= TASK INSTRUCTIONS =
Beginning with the line that contains "Villa at the", reproduce every line through the end of the records below exactly, and leave the pictures out.

━━ SUPPLIED RECORDS

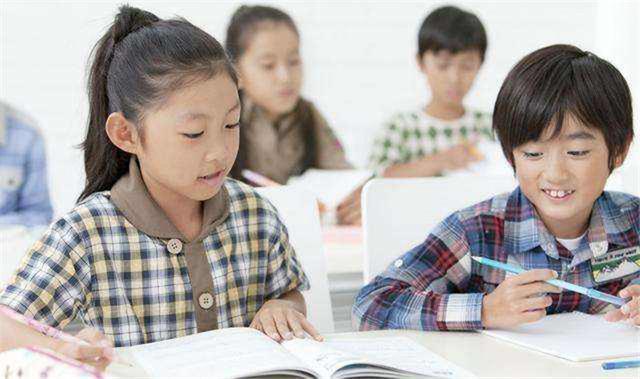 【超级宝妈】黄多多根本不是多数家长心中的好孩子，为啥她却让多数人称赞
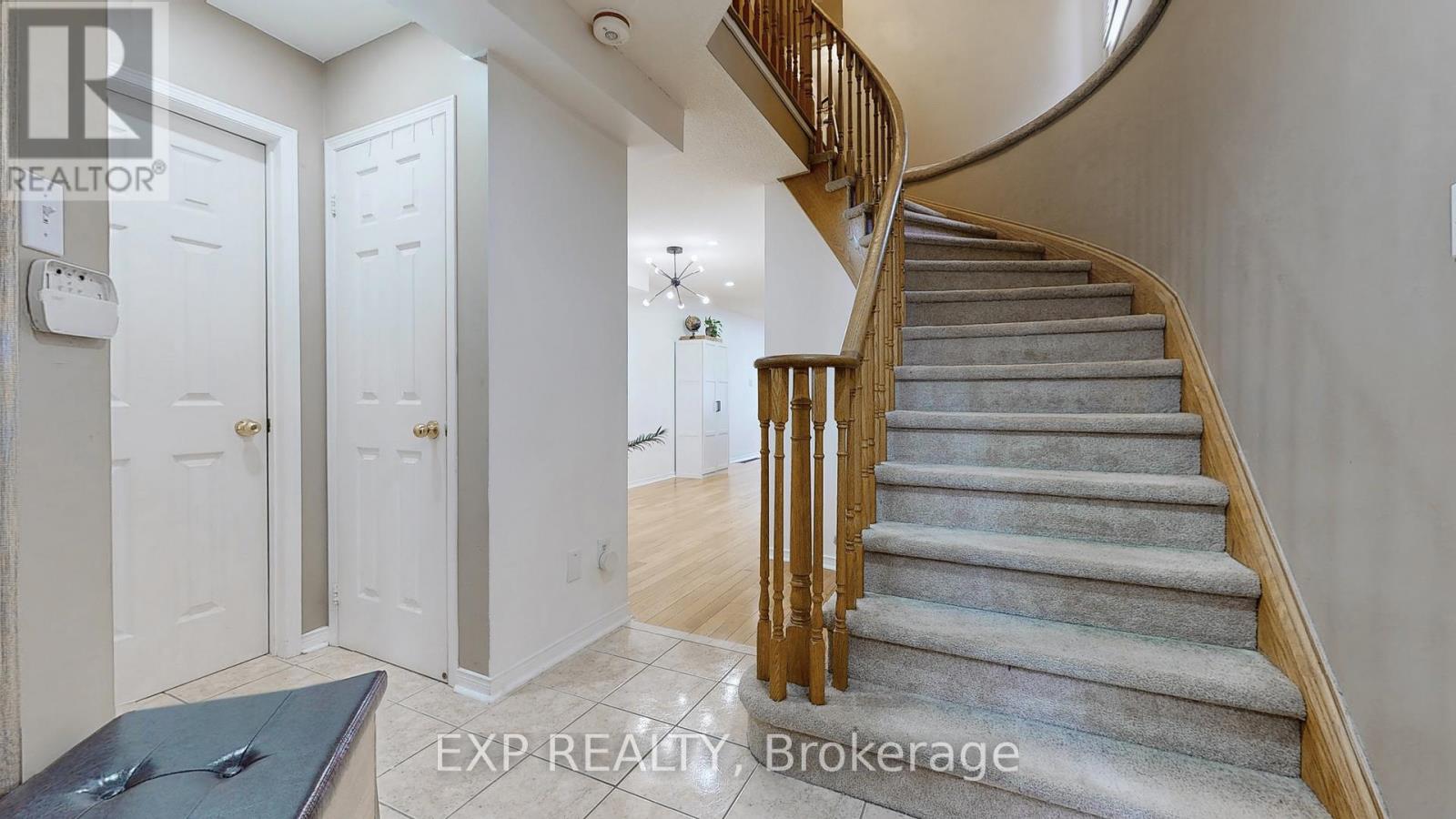 Upper - 1121 Foxglove Place, Mississauga (East Credit), Ontario  L5V 2N4 - Photo 6 - W12187980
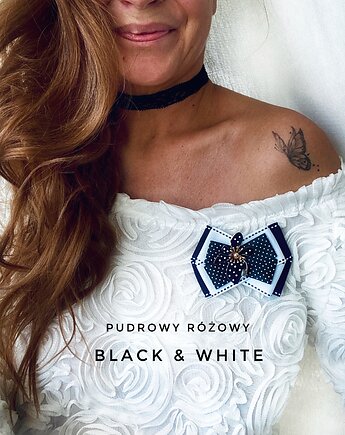 Brosza Black & White z efektowym kwiatem w kropeczki New, Pudrowy Różowy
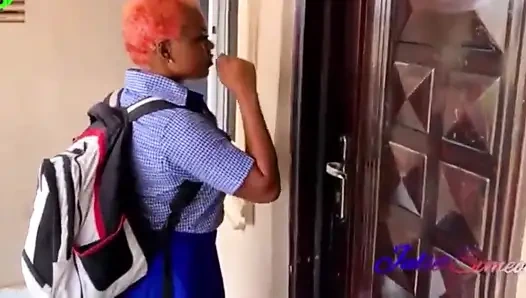 Mein unterrichtslehrer, der meine sahnige muschi so hart getroffen hat.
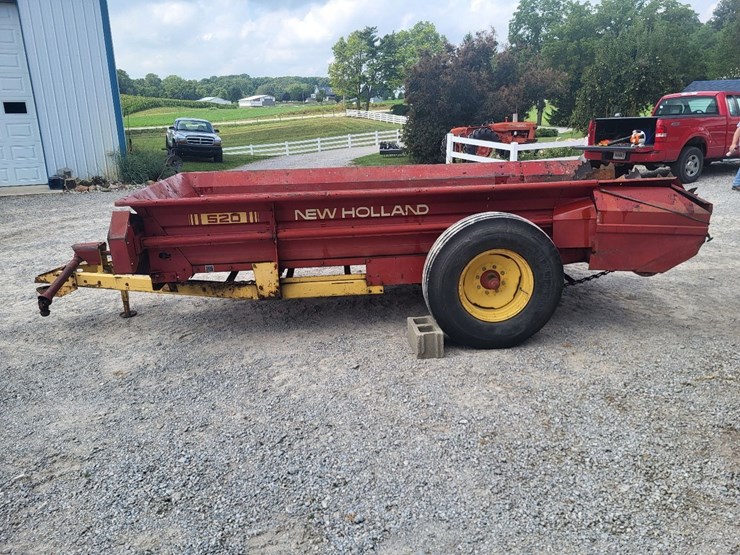 new-holland-520-image-6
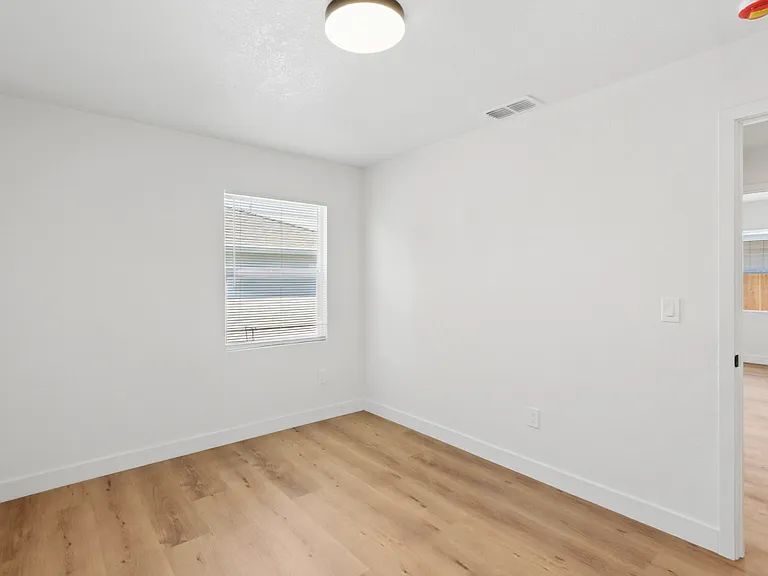 3821 15th Ave — Photo 25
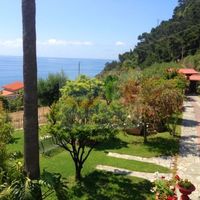 Villa at the seaside in Italy, Bordighera, 250 sq.m.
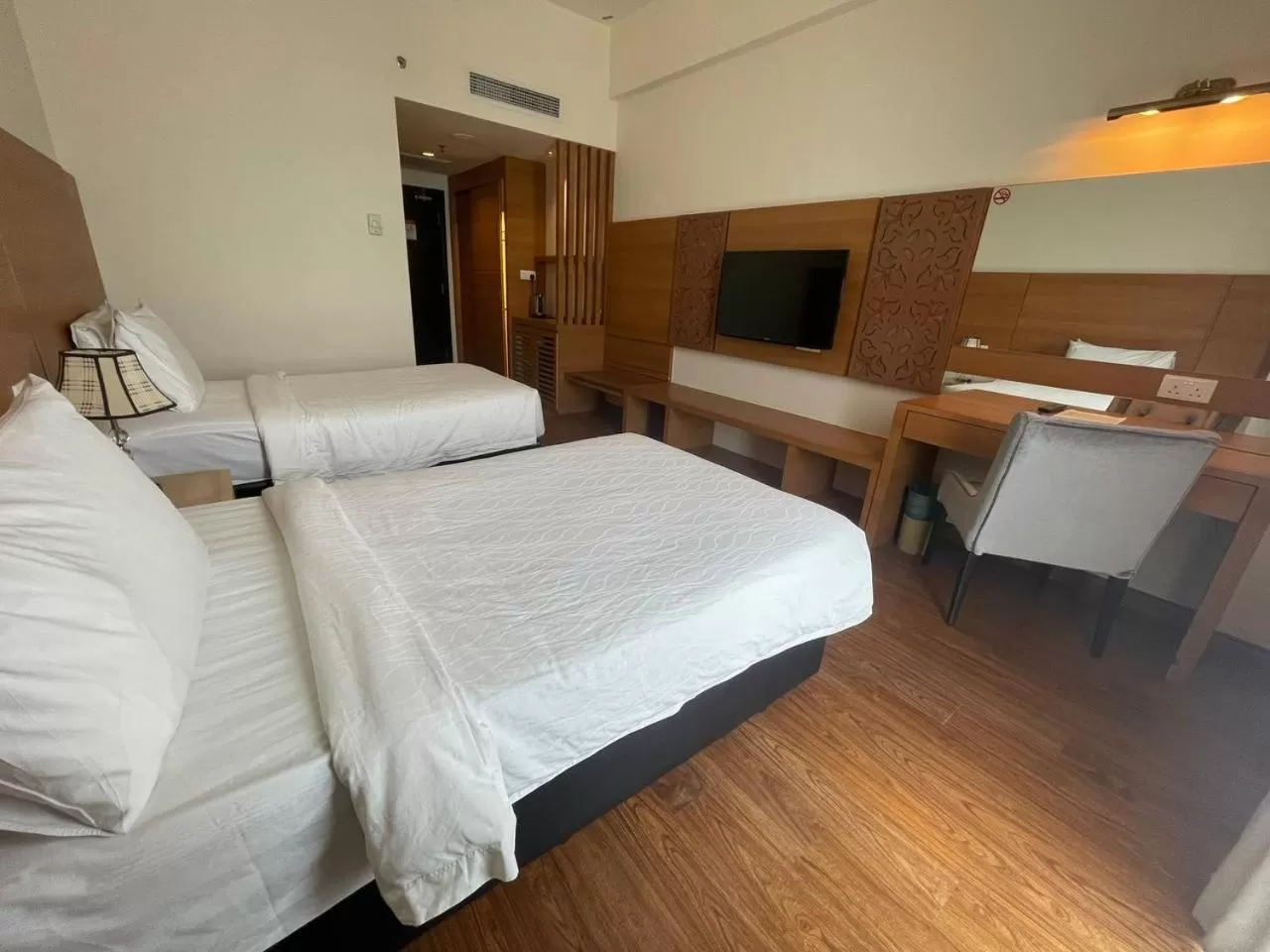 Bed in Swan Garden Hotel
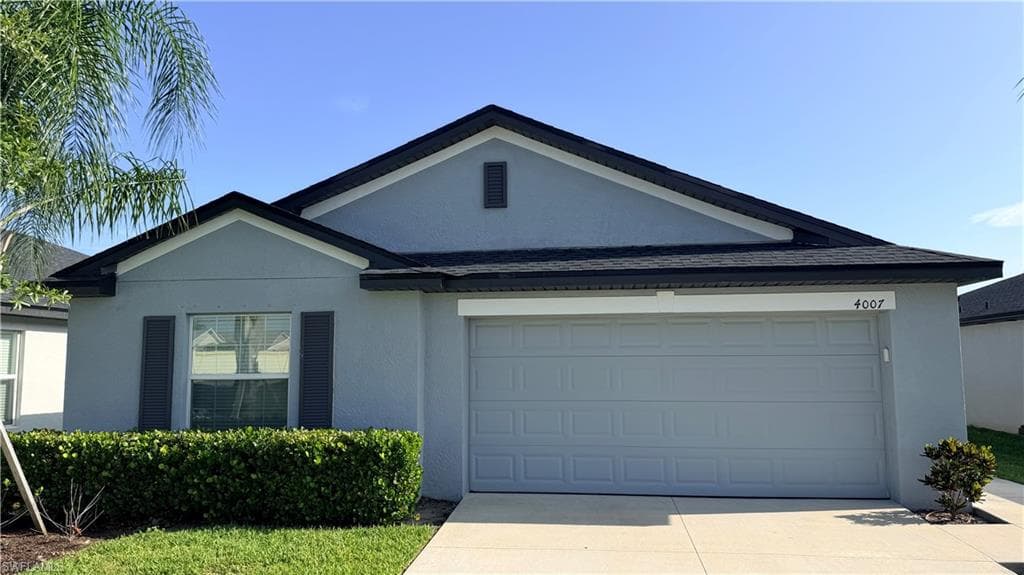 4007 San Clemente CT NORTH FORT MYERS, FL 33917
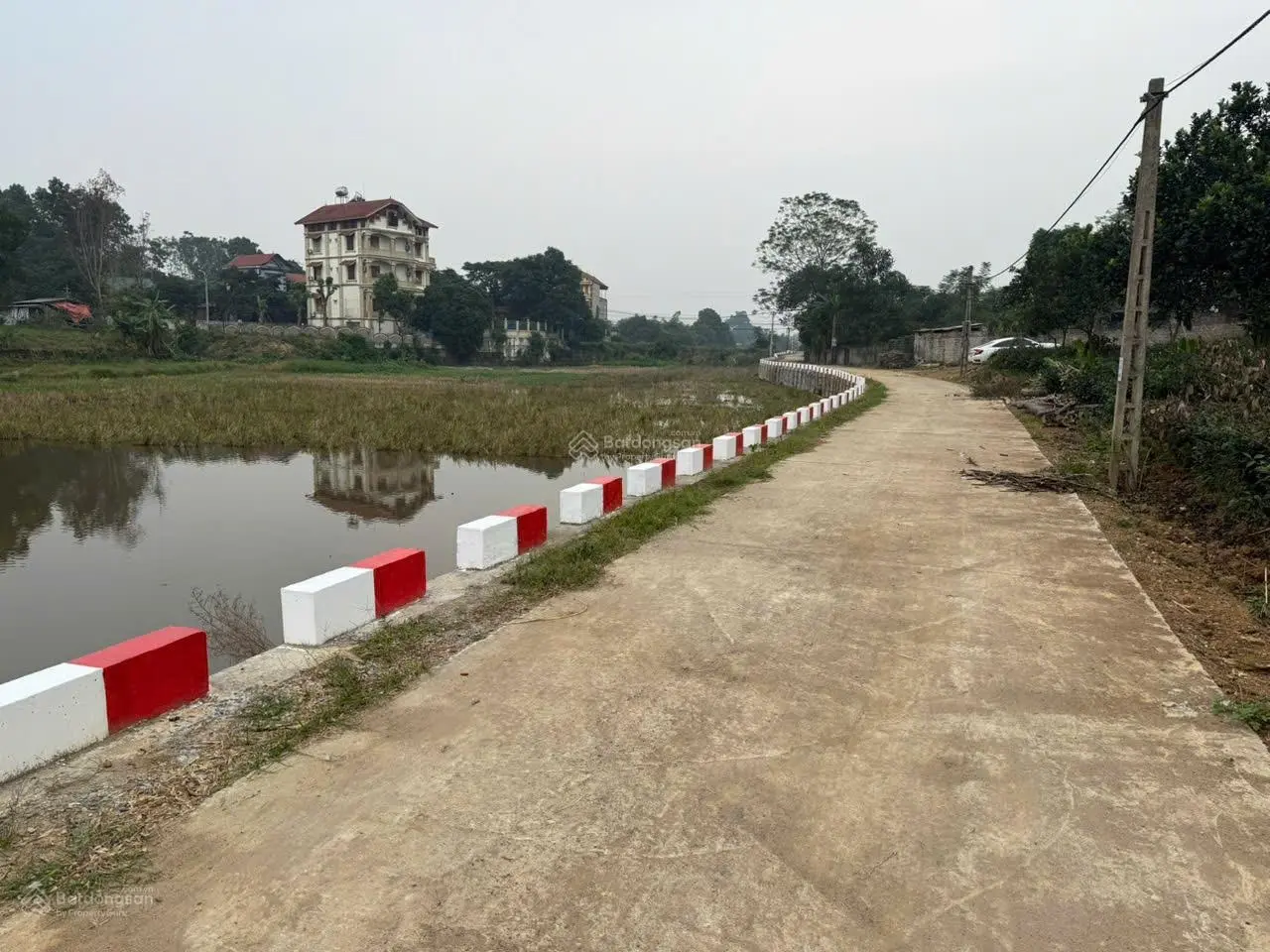 Bán lô đất nghỉ dưỡng 2600m2 thôn 6, Ba Trại,Ba Vì bìa đỏ sang tên ngay, giá thỏa thuận tốt nhất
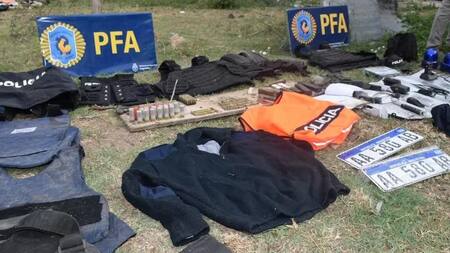 Uniforme secuestrado en los allanamientos. Foto: captura video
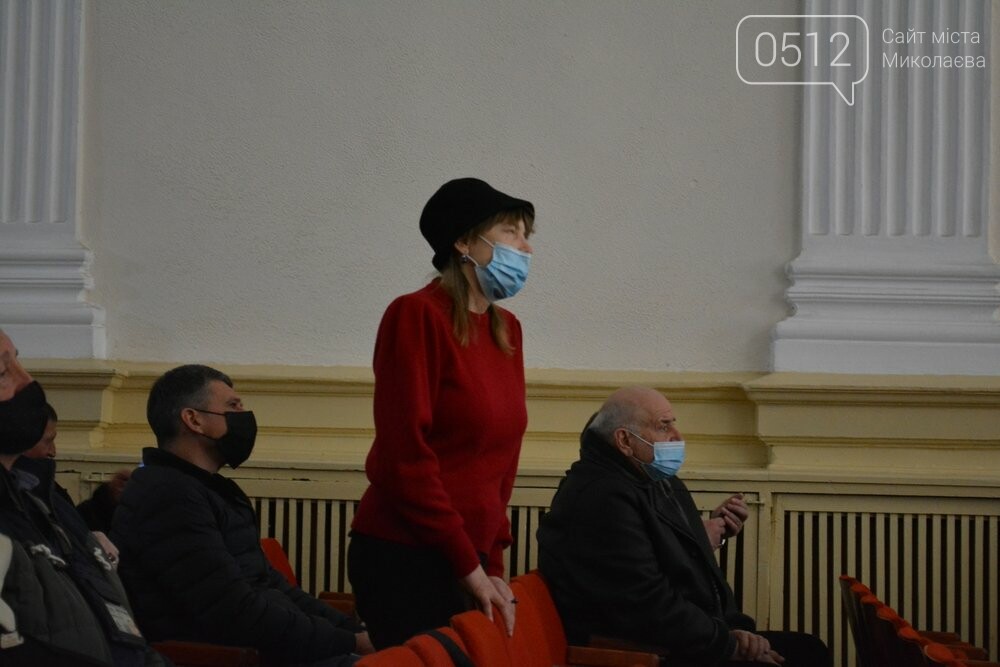 общественные слушания по вопросу застройки жилыми домами пустыря в районе Сухого фонтана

━━━━

= SOLUTION TO THIS EXERCISE =
 Villa at the seaside in Italy, Bordighera, 250 sq.m.
 Bed in Swan Garden Hotel
 4007 San Clemente CT NORTH FORT MYERS, FL 33917
 Bán lô đất nghỉ dưỡng 2600m2 thôn 6, Ba Trại,Ba Vì bìa đỏ sang tên ngay, giá thỏa thuận tốt nhất
 Uniforme secuestrado en los allanamientos. Foto: captura video
 общественные слушания по вопросу застройки жилыми домами пустыря в районе Сухого фонтана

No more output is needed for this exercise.